Mechatronics Lab Professor — SJSU

Servo Encoder

Servo motor and rotary encoder lab covering PWM control, quadrature decoding, closed-loop position feedback, and PID tuning fundamentals.

Lab 7: Servo Encoder combined two critical mechatronics building blocks — servo motor actuation and rotary encoder feedback — into a single closed-loop control exercise. Students learned how position feedback systems work from the ground up, connecting the dots between PWM signals, angular measurement, and real-time control algorithms.

The first half of the lab focused on servo motors: students generated PWM signals using the Arduino Servo library, characterized the pulse-width-to-angle relationship, and explored the effect of load and supply voltage on positioning accuracy. The second half introduced incremental rotary encoders — students wired quadrature A/B channels, wrote interrupt-driven decoding routines, and verified their count accuracy against known angular displacements.

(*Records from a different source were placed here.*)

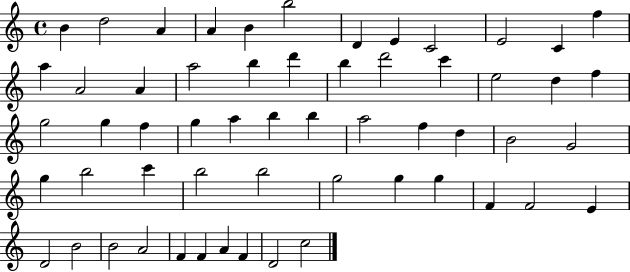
B4/q D5/h A4/q A4/q B4/q B5/h D4/q E4/q C4/h E4/h C4/q F5/q A5/q A4/h A4/q A5/h B5/q D6/q B5/q D6/h C6/q E5/h D5/q F5/q G5/h G5/q F5/q G5/q A5/q B5/q B5/q A5/h F5/q D5/q B4/h G4/h G5/q B5/h C6/q B5/h B5/h G5/h G5/q G5/q F4/q F4/h E4/q D4/h B4/h B4/h A4/h F4/q F4/q A4/q F4/q D4/h C5/h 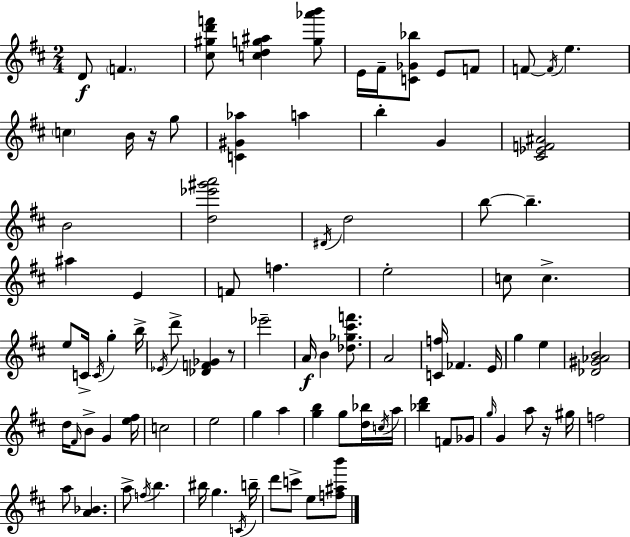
D4/e F4/q. [C#5,G#5,D6,F6]/e [C5,D5,G5,A#5]/q [G5,Ab6,B6]/e E4/s F#4/s [C4,Gb4,Bb5]/e E4/e F4/e F4/e F4/s E5/q. C5/q B4/s R/s G5/e [C4,G#4,Ab5]/q A5/q B5/q G4/q [C#4,Eb4,F4,A#4]/h B4/h [D5,Eb6,G#6,A6]/h D#4/s D5/h B5/e B5/q. A#5/q E4/q F4/e F5/q. E5/h C5/e C5/q. E5/e C4/s C4/s G5/q B5/s Eb4/s D6/e [Db4,F4,Gb4]/q R/e Eb6/h A4/s B4/q [Db5,Gb5,C#6,F6]/e. A4/h [C4,F5]/s FES4/q. E4/s G5/q E5/q [Db4,G#4,Ab4,B4]/h D5/s F#4/s B4/e G4/q [E5,F#5]/s C5/h E5/h G5/q A5/q [G5,B5]/q G5/e [D5,Bb5]/s C5/s A5/s [Bb5,D6]/q F4/e Gb4/e G5/s G4/q A5/e R/s G#5/s F5/h A5/e [A4,Bb4]/q. A5/e F5/s B5/q. BIS5/s G5/q. C4/s B5/s D6/e C6/e E5/e [F5,A#5,B6]/e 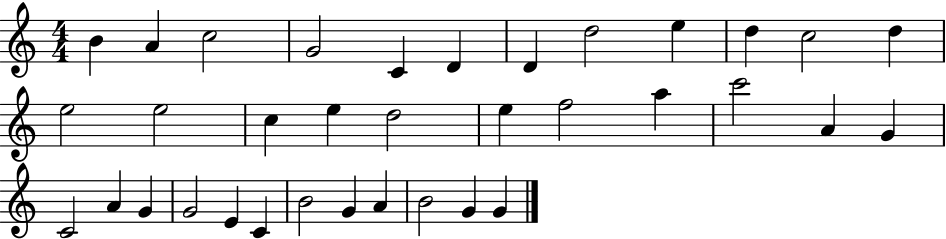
B4/q A4/q C5/h G4/h C4/q D4/q D4/q D5/h E5/q D5/q C5/h D5/q E5/h E5/h C5/q E5/q D5/h E5/q F5/h A5/q C6/h A4/q G4/q C4/h A4/q G4/q G4/h E4/q C4/q B4/h G4/q A4/q B4/h G4/q G4/q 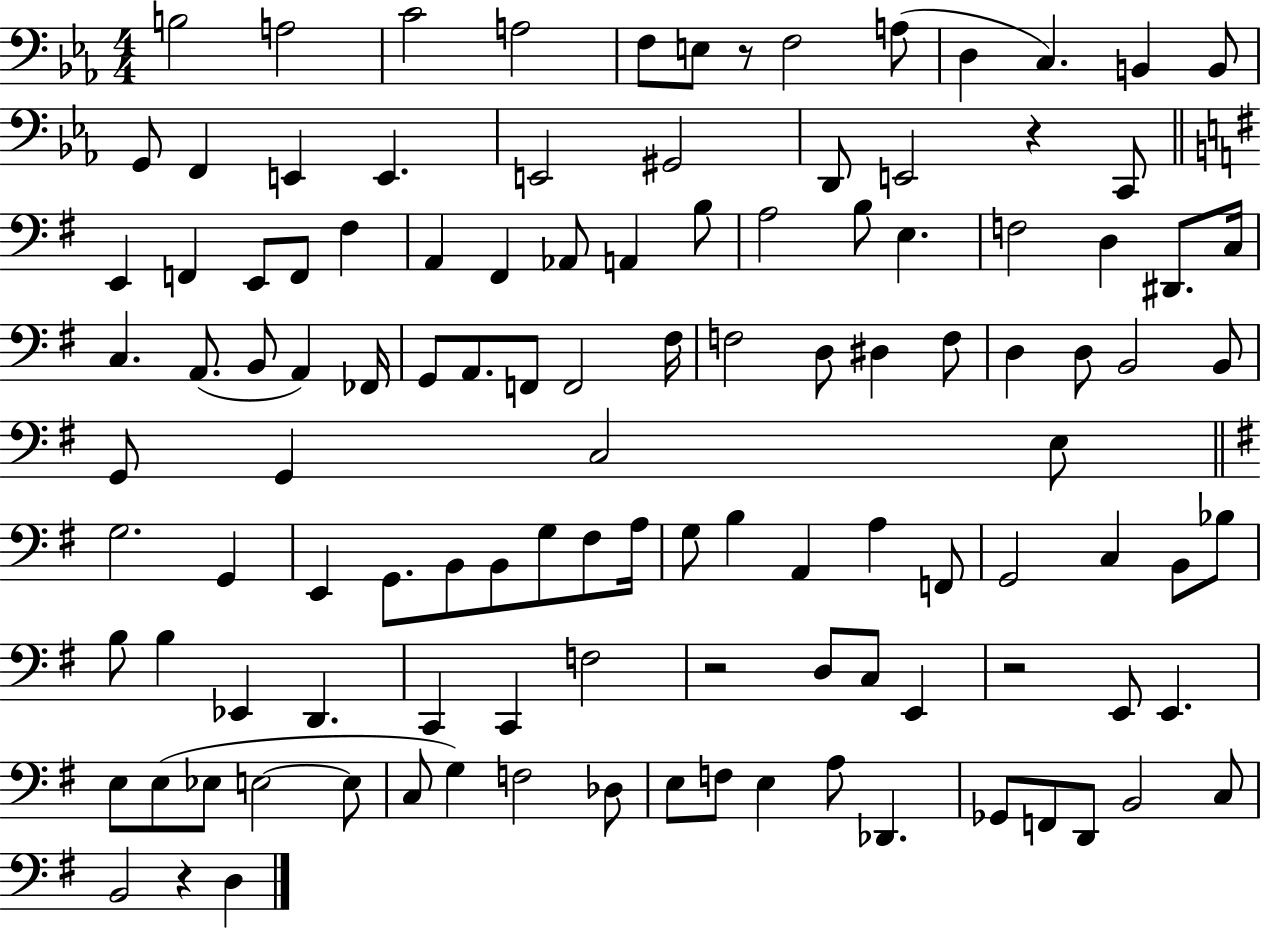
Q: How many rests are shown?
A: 5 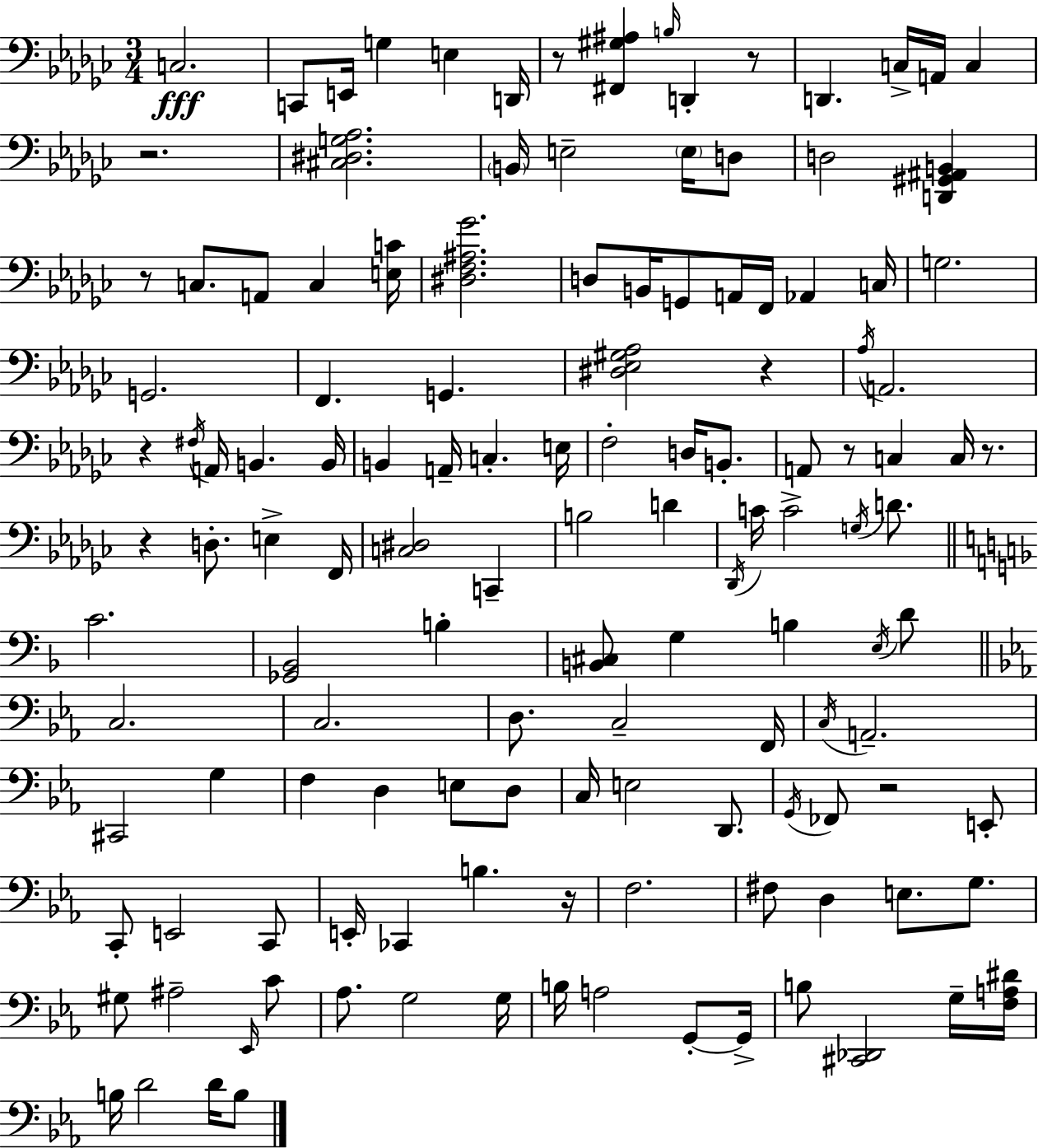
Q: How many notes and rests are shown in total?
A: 133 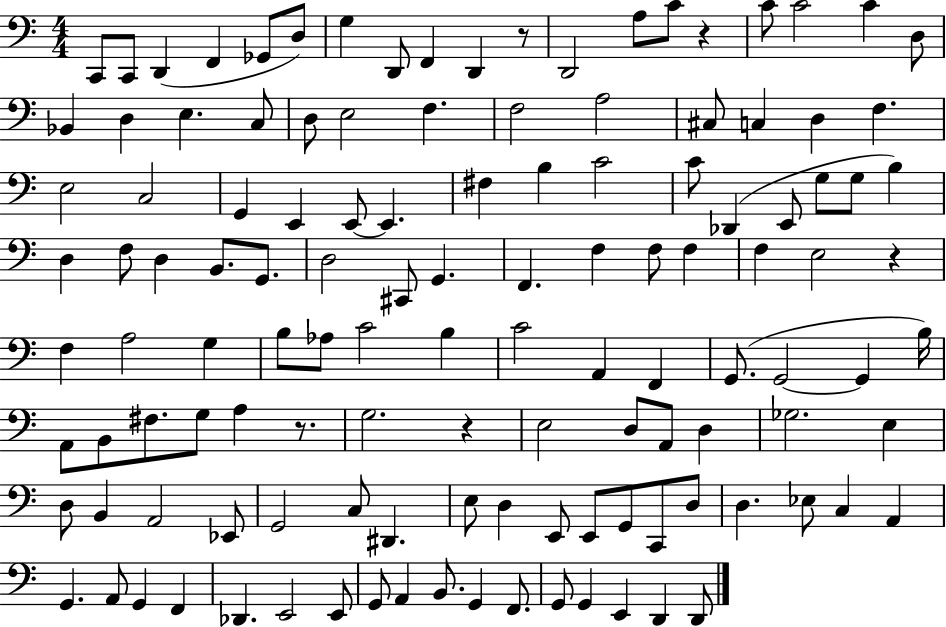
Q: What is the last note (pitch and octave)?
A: D2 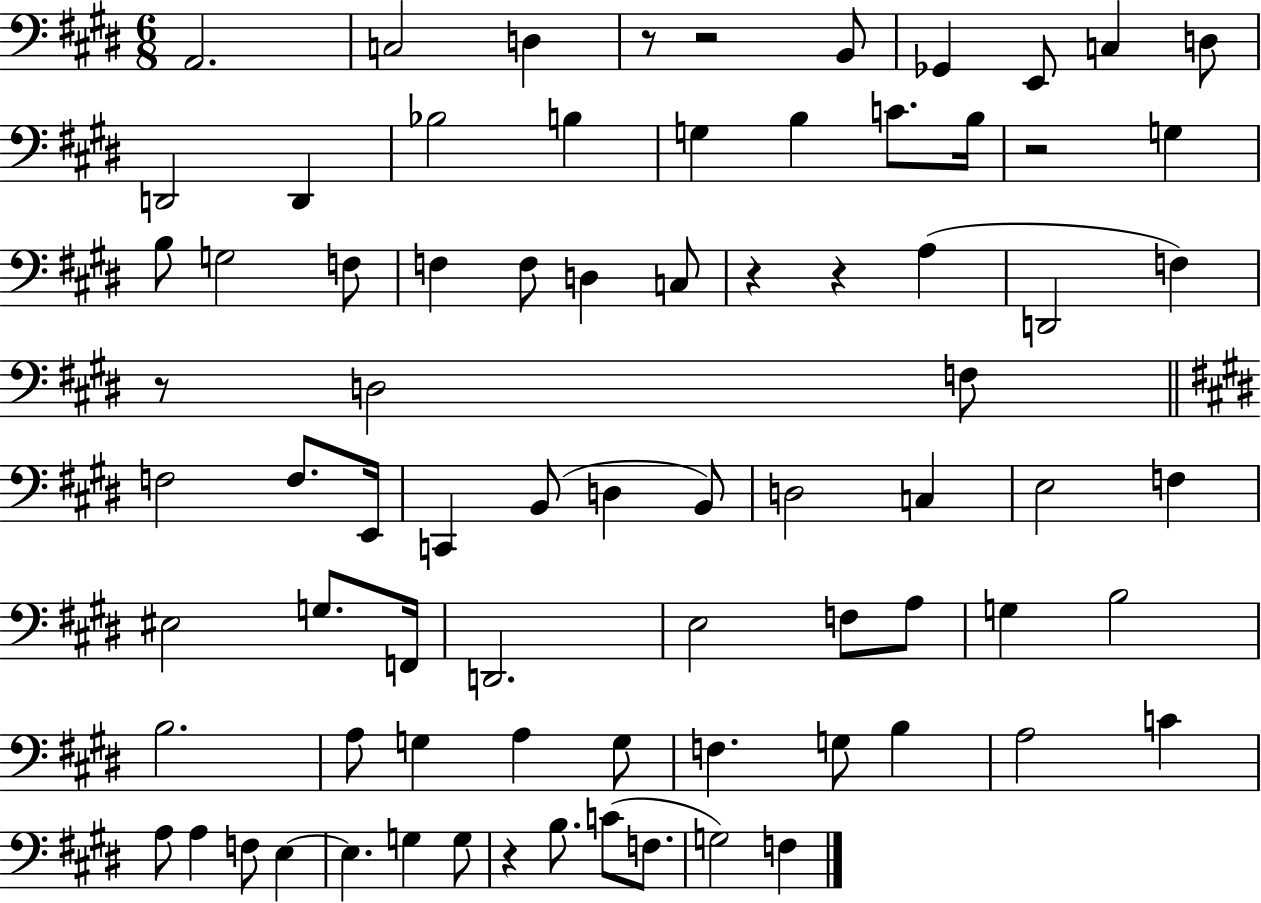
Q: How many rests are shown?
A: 7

In the final integration exercise, students built a closed-loop position controller: the encoder measured the actual shaft angle, a PID algorithm computed the correction, and the servo actuated the output. Students tuned proportional, integral, and derivative gains in real time, observing overshoot, steady-state error, and oscillation on a serial plotter. This exercise was one of the most popular in the course — it demonstrated, in a tangible way, how feedback transforms an open-loop actuator into a precise positioning system.